__Aim of the task__. Give the data again exactly, without images.

__Material provided__.
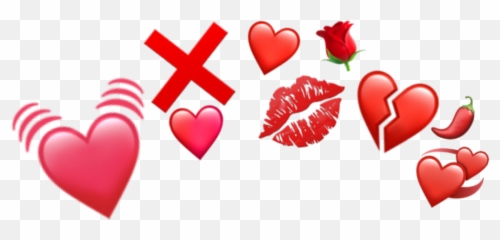 Red Heart Hearts Emoji Sticker By - Girly,Red Heart Emojis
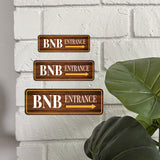 Standard Plus BNB Entrance (Right Arrow) Door or Wall Sign | BnB Hosting Signage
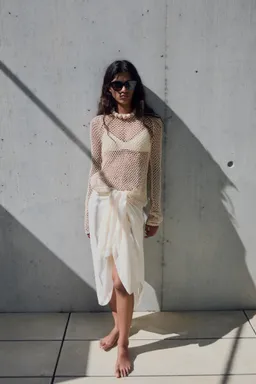 Sweater crochet manga larga de Mango en Buzos y Sweaters para argentina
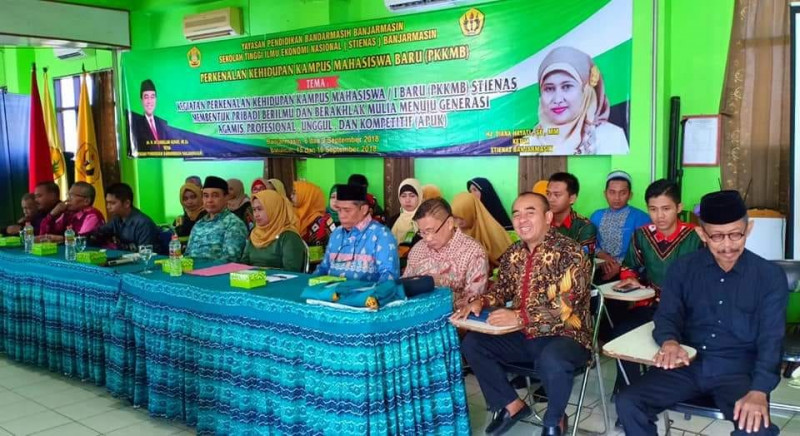 PKKMB Mahasiswa Baru Tahun 2018 di Kampus STIENAS Banjarmasin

__Task response__.
 Red Heart Hearts Emoji Sticker By - Girly,Red Heart Emojis
 Standard Plus BNB Entrance (Right Arrow) Door or Wall Sign | BnB Hosting Signage
 Sweater crochet manga larga de Mango en Buzos y Sweaters para argentina
 PKKMB Mahasiswa Baru Tahun 2018 di Kampus STIENAS Banjarmasin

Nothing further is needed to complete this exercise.